Image-caption web data
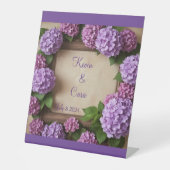 Paarse Hydrangea bruiloft Reclamebord Met Voetstuk (Voorkant)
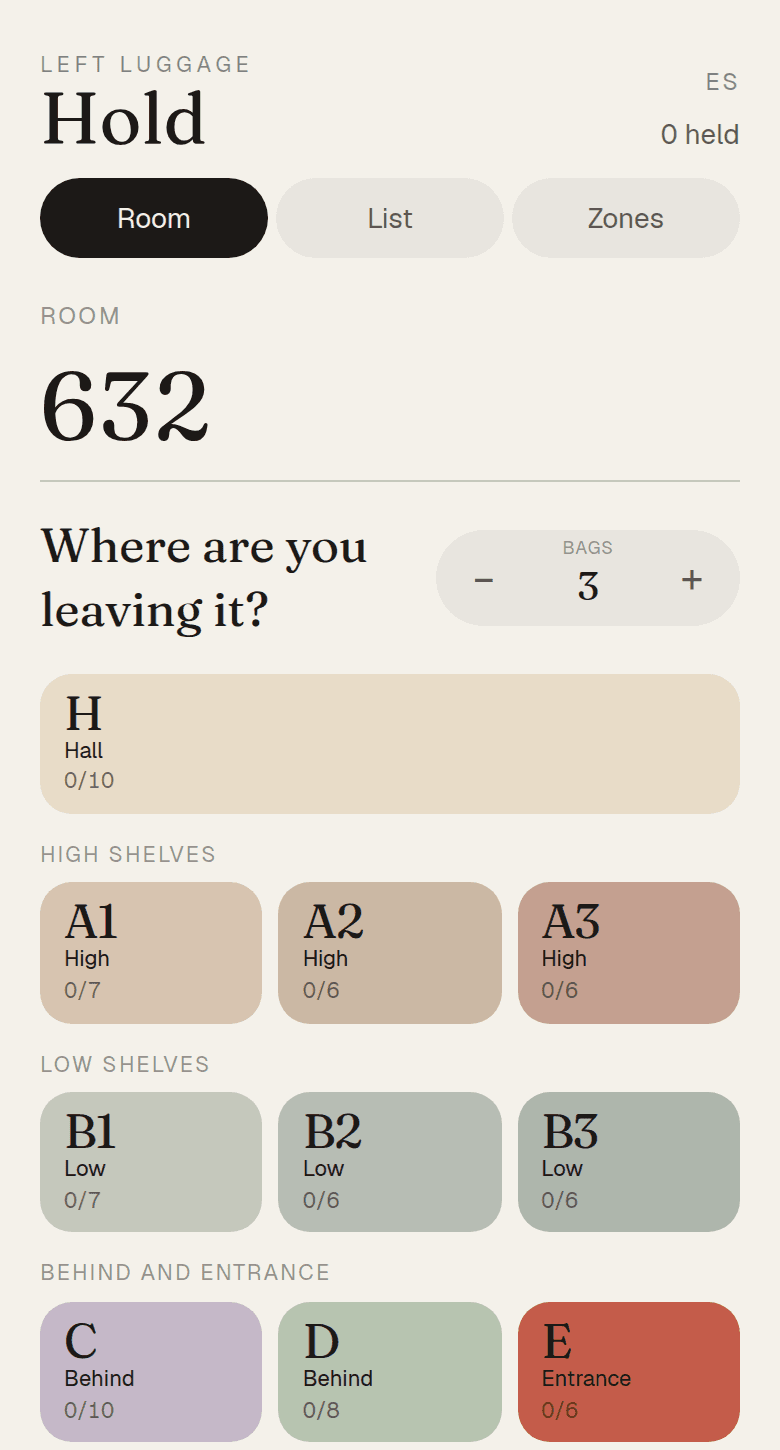 Hold staff screen showing room 632, three bags, and the wall-letter zones.
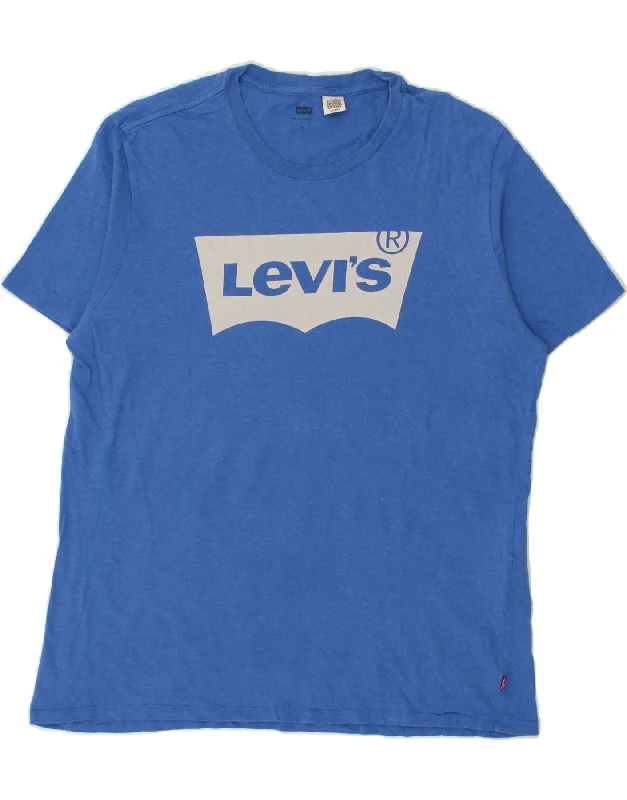 LEVI'S Womens Graphic T-Shirt Top UK 18 XL Blue Cotton-- Rayon Velvet Corduroy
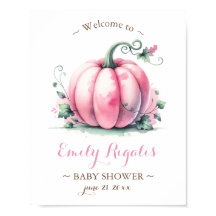 Little Pumpkin Baby Shower Sign - Rosa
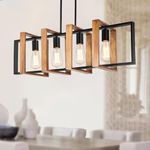 Kitchen Island Lighting, 4-Light Dining Room Light Fixture, Black Farmhouse Pendant Light with Wood Frame, Rectangular, 51.4x31.5x9.5 inches, 9.03 lbs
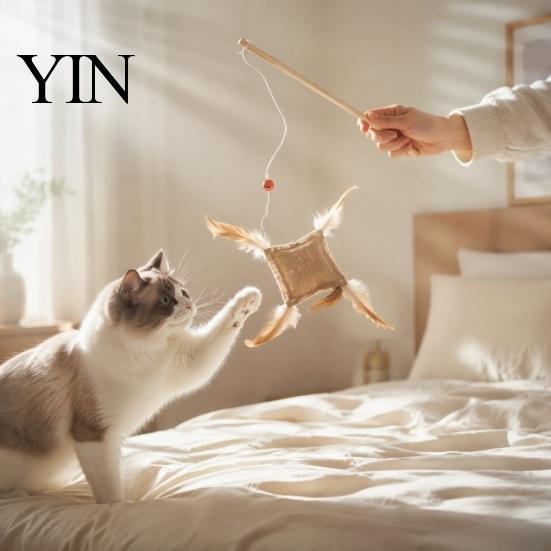 Natural Linen Hunting Toy Cat Wand with Bag, Interactive Bell, Handheld Interaction Stick Wooden Handle Feather for Indoor Cats Scratching Chasing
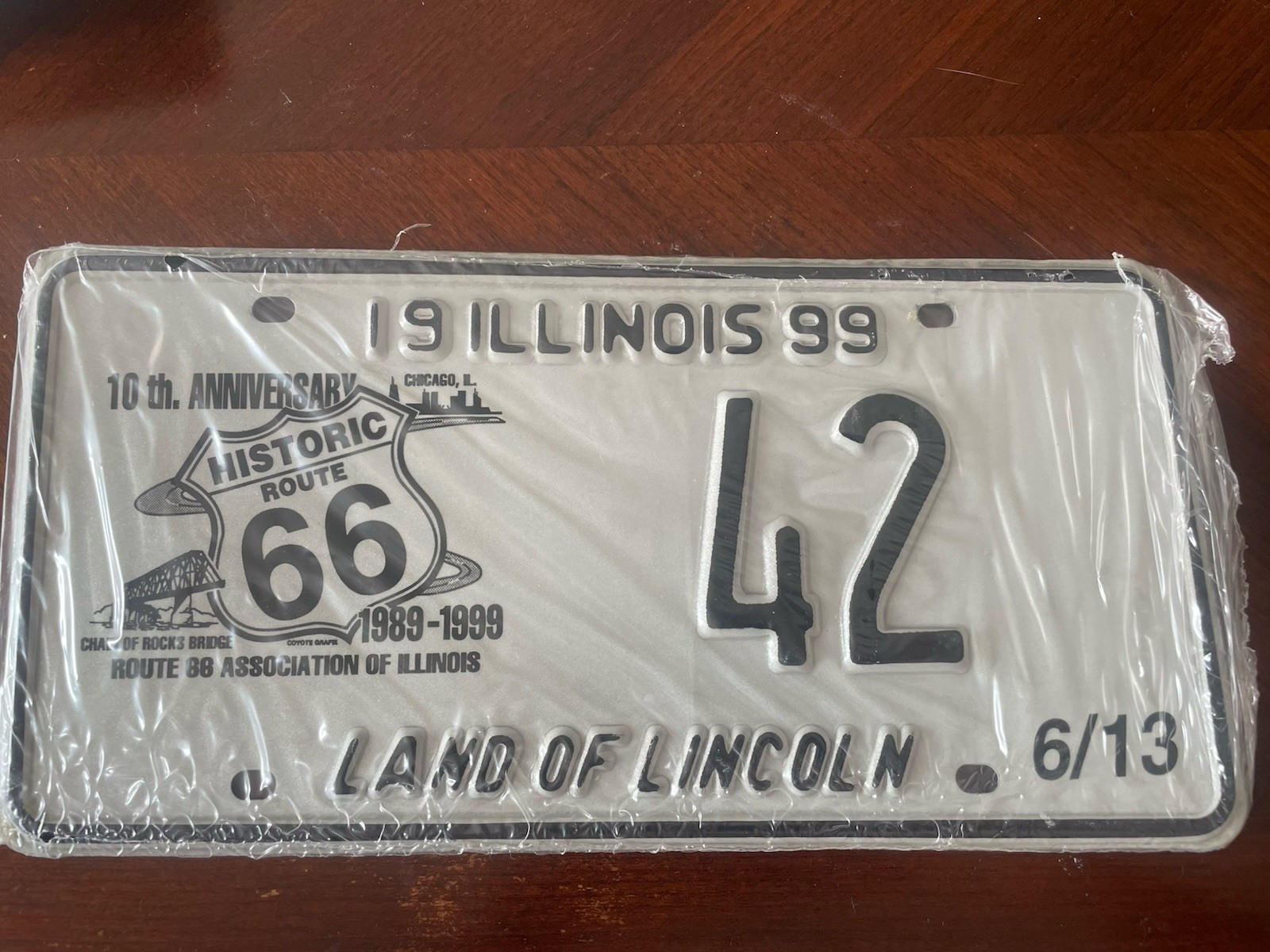 1999 Pair Of Illinois Route 66 Association License Plate #42 New Never Used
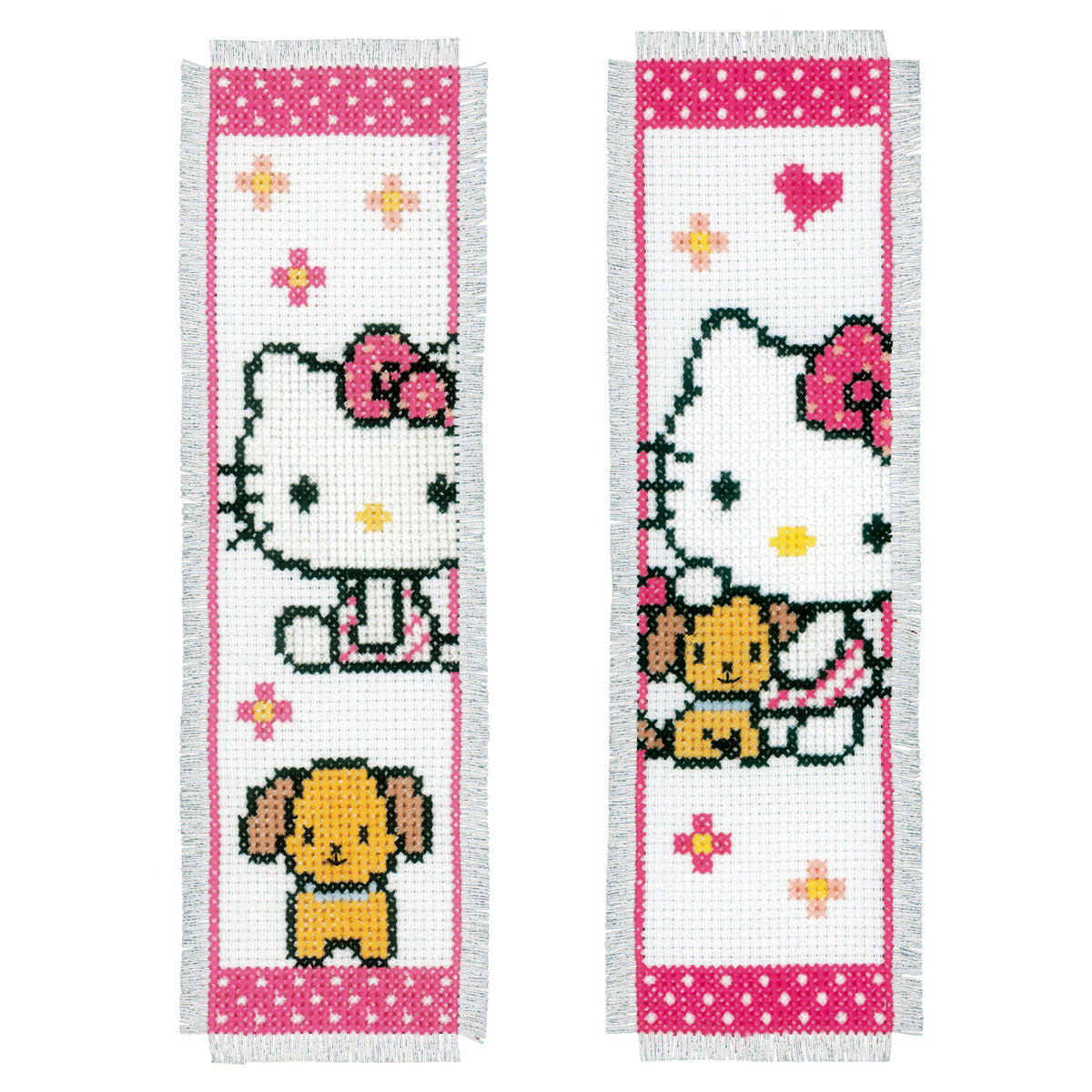 Two Hello Kitty cross stitch bookmarks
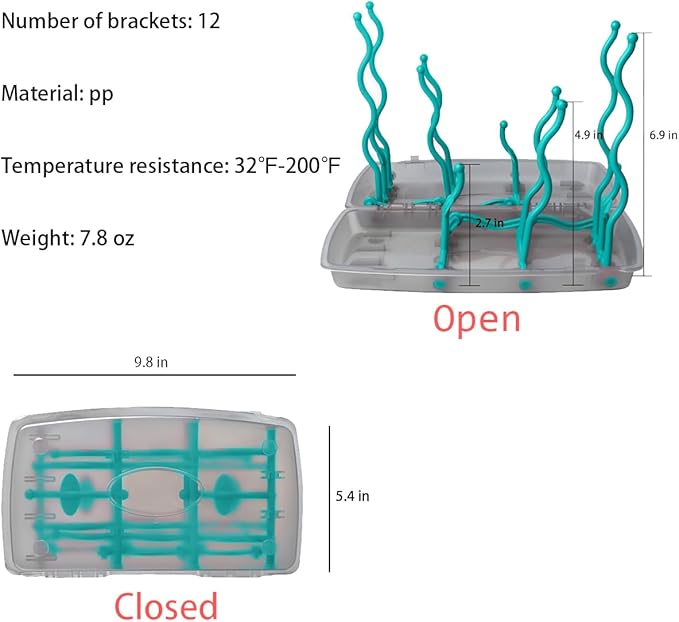 Collapsible Baby Bottle Drying Rack, Bottle Dryer Holder for Bottles, Teats, Cups, Pump Parts and Accessories (Blue)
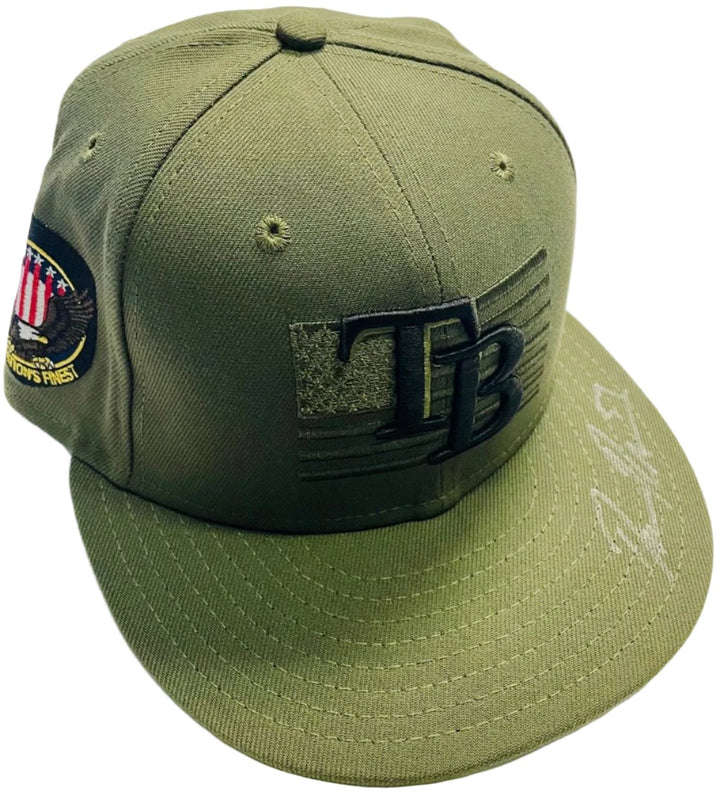 Rays Drew Rasmussen Team Issued Authentic Autographed Armed Forces Day Hat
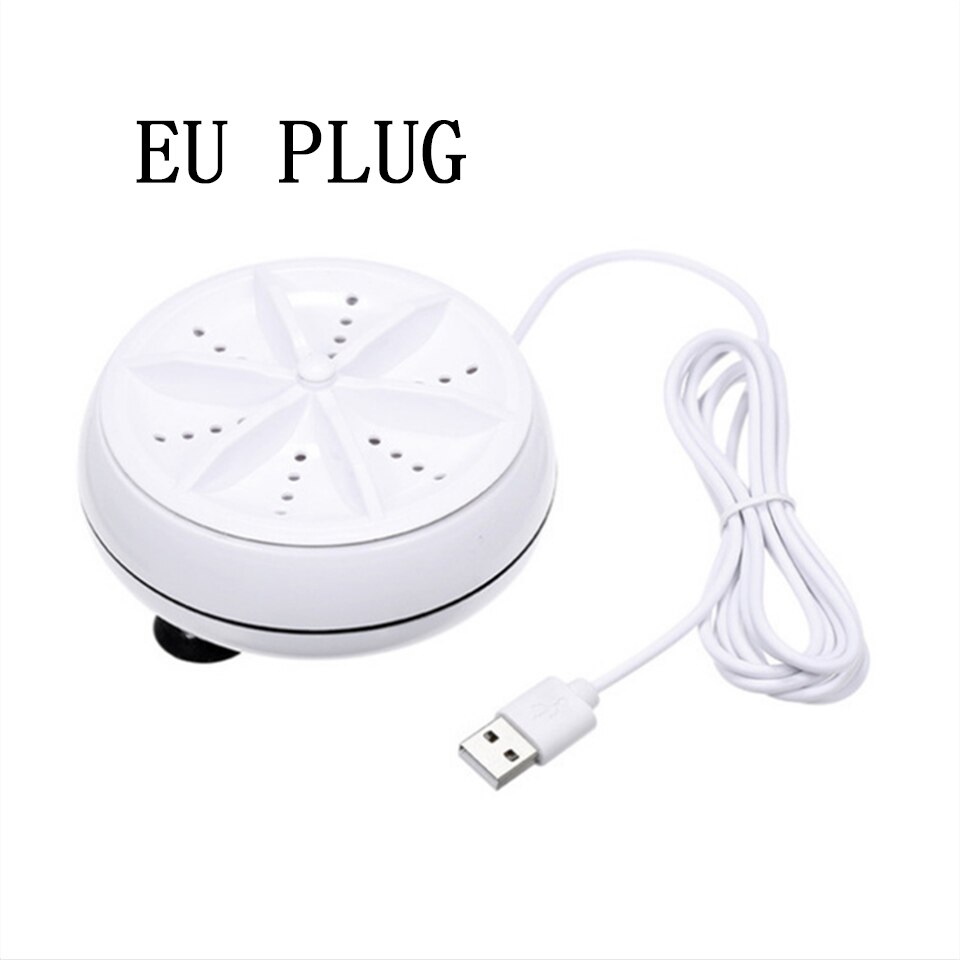 Yj Mini Washing Machine Portable Ultrasonic Turbine Removes Dirt Washer USB Cable for Travel Home Business Trip Laundry Tub: B Automatic EU Plug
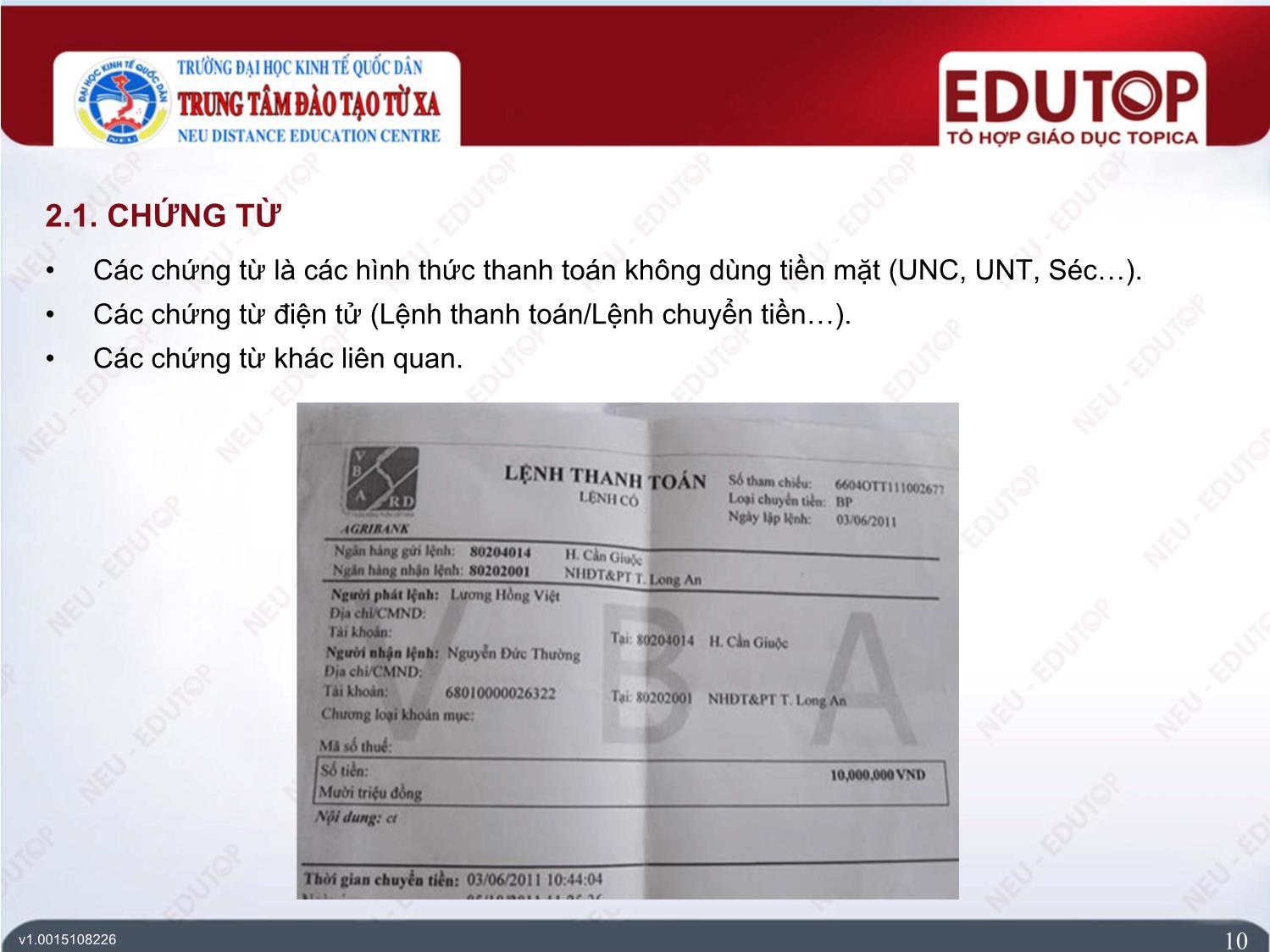 Bài giảng Kế toán ngân hàng thương mại - Bài 3: Kế toán thanh toán qua ngân hàng thương mại - Nguyễn Thị Ngọc Diệp trang 10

DESCRIPTION OF THE TASK → Extract, word for word, every line from the one containing "LEVI'S Womens Graphic" to the end of the data above, both ends included, and leave out the pictures.

YOUR RESPONSE →
 LEVI'S Womens Graphic T-Shirt Top UK 18 XL Blue Cotton-- Rayon Velvet Corduroy
 Little Pumpkin Baby Shower Sign - Rosa
 Kitchen Island Lighting, 4-Light Dining Room Light Fixture, Black Farmhouse Pendant Light with Wood Frame, Rectangular, 51.4x31.5x9.5 inches, 9.03 lbs
 Natural Linen Hunting Toy Cat Wand with Bag, Interactive Bell, Handheld Interaction Stick Wooden Handle Feather for Indoor Cats Scratching Chasing
 1999 Pair Of Illinois Route 66 Association License Plate #42 New Never Used
 Two Hello Kitty cross stitch bookmarks
 Collapsible Baby Bottle Drying Rack, Bottle Dryer Holder for Bottles, Teats, Cups, Pump Parts and Accessories (Blue)
 Rays Drew Rasmussen Team Issued Authentic Autographed Armed Forces Day Hat
 Yj Mini Washing Machine Portable Ultrasonic Turbine Removes Dirt Washer USB Cable for Travel Home Business Trip Laundry Tub: B Automatic EU Plug
 Bài giảng Kế toán ngân hàng thương mại - Bài 3: Kế toán thanh toán qua ngân hàng thương mại - Nguyễn Thị Ngọc Diệp trang 10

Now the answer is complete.